改自今年省赛热身赛,最最基础的搜索入门题。注意审题,终点可能有多个。

标程

#include<cstdio>
#include<queue>
#include<cstring>
using namespace std;
char maze[205][205];
int flag[205][205];
int d[4][2]={0,1,1,0,0,-1,-1,0};
struct point{
    int x,y,t;
    point(int _x,int _y,int _t){x=_x;y=_y;t=_t;}
};
int main()
{
    int t,n,m,sx,sy;
    scanf("%d",&t);
    while(t--)
    {
        memset(flag,0,sizeof(flag));
        scanf("%d %d",&n,&m);
        for(int i=0;i<n;i++)
        {
            getchar();
            for(int j=0;j<m;j++)
            {
                scanf("%c",&maze[i][j]);
                if(maze[i][j]=='R')
                {
                    sx=i;
                    sy=j;
                }
            }
        }
        queue<point> q;
        point s(sx,sy,0);
        q.push(s);
        flag[sx][sy]=1;
        int f=1;
        while(!q.empty())
        {
            point p=q.front();
            q.pop();
            if(maze[p.x][p.y]=='F')
            {
                printf("%d\n",p.t);
                f=0;
                break;
            }
            for(int i=0;i<4;i++)
            {
                int nx=p.x+d[i][0];
                int ny=p.y+d[i][1];
                if(nx>=0&&nx<n&&ny>=0&&ny<m&&maze[nx][ny]!='#'&&!flag[nx][ny])
                {
                    flag[nx][ny]=1;
                    point s(nx,ny,p.t+1);
                    q.push(s);
                }
            }
        }
        if(f)printf("Poor Pikachu.\n");
    }
}

G.皮卡丘的精灵图鉴

并查集。
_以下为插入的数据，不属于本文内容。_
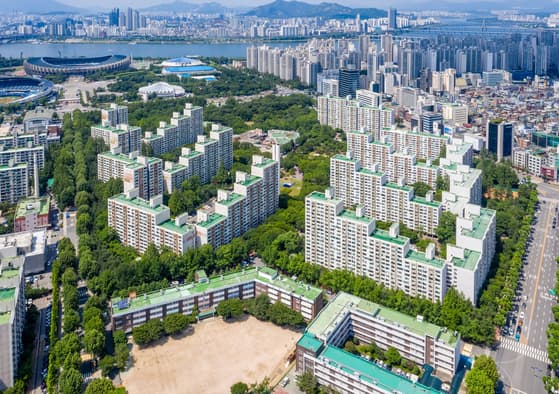 아시아선수촌 아파트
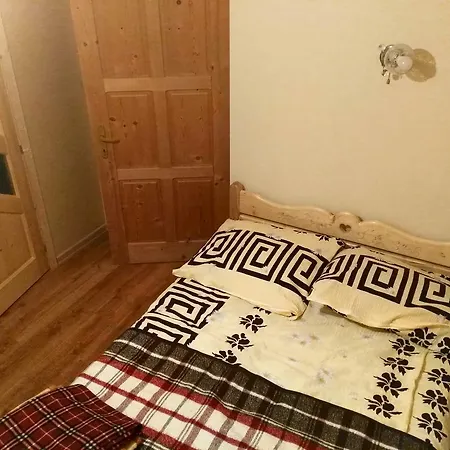 Accommodatie bij particulieren Wolne Maria Rzadkosz *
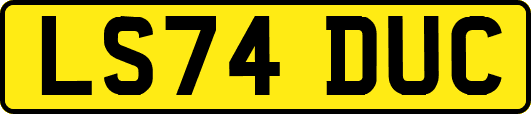 LS74DUC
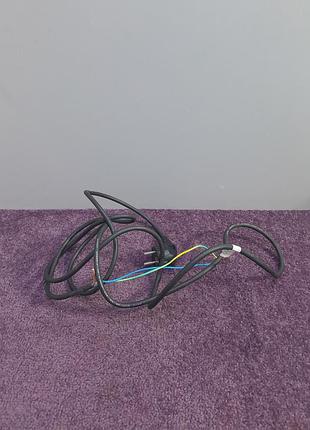 Сетевой шнур для отпаривателя philips gс362/80 9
注意对字符串的处理。

标程(from jasonczc)

#include <iostream>
#include <string>
#include <unordered_map>
using namespace std;
unordered_map<string,string> m;
string& find(string &t){
    if(m.find(t)==m.end()){
        return t;
    }else{
        string st = m[t];
        if(st==t) return t;
        else return m[t]=find(st);
    }
}
void merge(string &a,string &b){
    string fa=find(a),fb=find(b);
    if(fa!=fb) m[fa]=fb;
}
int main(){
    int k;cin >> k;
    while(k--){
        int a,b;
        cin >> a >> b;
        string sa,sb;
        while(a>0){
            cin >> sa >> sb;
            merge(sa,sb);
            a--;
        }
        while(b>0){
            cin >> sa >> sb;
            cout << ((find(sa)==find(sb))?"Y":"N")<< endl;
            b--;
        }
        m.clear();
    }
}

H.自闭了

博弈水题,只要n>2,都是pkq赢

标程

#include<iostream>
using namespace std;
int main()
{
    int n;
    while(cin>>n&&n)
    {
        if(n<=2)cout<<"qhq"<<endl;
        else cout<<"pkq"<<endl;
    }
}